According to Rory Johnston, energy economist with Scotiabank, the latest data from the National Energy Board shows that as of September, 270,000 b/d of crude oil is being shipped by rail.

He told Energi News in an interview that volumes are expected to jump to 300,000 b/d or more by the end of the year and rise to 400,000 b/d by the end of 2019.

“The challenge here is that we expect that [Enbridge’s 375,000 b/d] Line 3 pipeline is going to come on at the end of 2019 and that will erode a good chunk of the demand for oil-by-rail,” he said.

“But it also probably would make it so that oil by rail is starting at a better starting point and I think they will be better able to keep up with the incremental demand at least for the next year after that.”

Calculating how much new crude by rail capacity will be available when Alberta’s spanky new “unit trains” (locomotives and tankers dedicated to moving only crude oil) arrive is made even more difficult by Cenovus Energy’s recent decision to contract with CN for 100,000 b/d over three years.

Bottom line?

If we were advising the Notley special envoys, we would be strongly recommending don’t wait, act now to focus on stopping the [federal government] from accelerating the phase out of jacketed CPC-1232 tank cars,” Tsubouchi wrote in his blog. 

He’s right. The unjacketed tankers could perhaps help in the transition from now until the new tankers are built.

Given the magnitude of the problem – Notley says the WCS/WTI differential costs the Canadian economy $80 million a day – there is a good argument to give Transport Minister Marc Garneau the “go slow” sign for six to 12 months while Alberta’s market access problem is sorted.

Alberta produces about 250,000 barrels a day more than can be shipped using existing pipeline and rail capacity, according to the government. The Alberta Petroleum Marketing Commission is already negotiating with suppliers and manufacturers.

About 15,000 b/d of capacity would be available at first, rising to the full 120,000 b/d by August, 2020. Notley thinks that will narrow the oil price gap by up to $4 per barrel, generate more than $1 million per day in new federal revenues, and provide smaller producers with a more affordable option to move their oil to market, according to the release.

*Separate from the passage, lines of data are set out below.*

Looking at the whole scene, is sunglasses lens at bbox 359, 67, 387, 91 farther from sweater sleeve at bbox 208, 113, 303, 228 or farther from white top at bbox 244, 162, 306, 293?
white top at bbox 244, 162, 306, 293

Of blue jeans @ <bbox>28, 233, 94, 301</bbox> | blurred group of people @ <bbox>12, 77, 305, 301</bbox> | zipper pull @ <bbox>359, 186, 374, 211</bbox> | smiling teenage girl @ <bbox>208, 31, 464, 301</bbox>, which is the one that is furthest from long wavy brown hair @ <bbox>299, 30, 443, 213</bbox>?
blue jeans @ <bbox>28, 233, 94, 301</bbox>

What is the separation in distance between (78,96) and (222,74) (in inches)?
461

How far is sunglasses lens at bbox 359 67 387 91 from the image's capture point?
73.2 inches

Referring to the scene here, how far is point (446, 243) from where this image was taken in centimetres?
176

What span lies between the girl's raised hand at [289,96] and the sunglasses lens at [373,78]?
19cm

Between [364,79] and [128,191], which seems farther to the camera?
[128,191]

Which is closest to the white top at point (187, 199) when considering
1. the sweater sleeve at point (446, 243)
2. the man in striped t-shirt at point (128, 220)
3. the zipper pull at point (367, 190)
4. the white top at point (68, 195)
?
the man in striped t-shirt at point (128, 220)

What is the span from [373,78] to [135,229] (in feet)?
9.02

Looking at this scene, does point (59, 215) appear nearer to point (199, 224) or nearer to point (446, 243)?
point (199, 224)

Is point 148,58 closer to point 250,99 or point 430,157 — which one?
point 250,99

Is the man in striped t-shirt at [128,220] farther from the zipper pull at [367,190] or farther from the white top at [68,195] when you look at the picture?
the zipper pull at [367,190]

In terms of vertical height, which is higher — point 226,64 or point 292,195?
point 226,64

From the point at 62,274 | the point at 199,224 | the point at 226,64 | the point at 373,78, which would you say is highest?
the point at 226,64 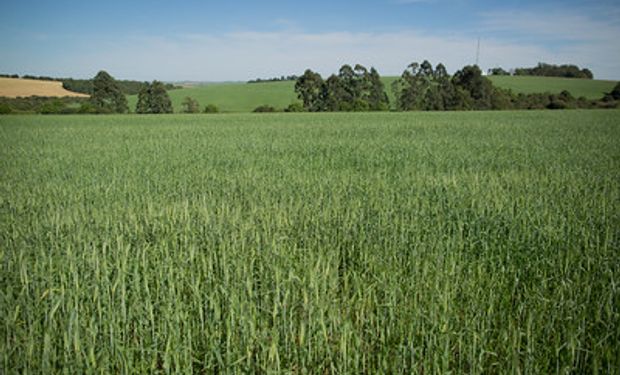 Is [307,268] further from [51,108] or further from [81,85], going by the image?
[81,85]

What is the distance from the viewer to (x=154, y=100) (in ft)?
198

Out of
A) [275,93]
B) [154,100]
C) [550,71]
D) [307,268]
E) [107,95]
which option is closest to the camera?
[307,268]

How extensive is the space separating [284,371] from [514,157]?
11.3 metres

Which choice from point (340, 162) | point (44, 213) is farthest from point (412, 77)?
point (44, 213)

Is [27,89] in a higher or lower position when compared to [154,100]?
higher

Last week, the Premier said she had written to Ottawa asking the senior government to cost-share the project, but had not received a reply.

Perhaps it’s time to write another letter poking the Prime Minister for a response, also asking that he kindly stop taking oil tankers out of the system for a few months.

The Alberta producers shutting in over 100,000 b/d of output and those selling their crude for less than it costs to get it out of the ground would probably appreciate the gesture.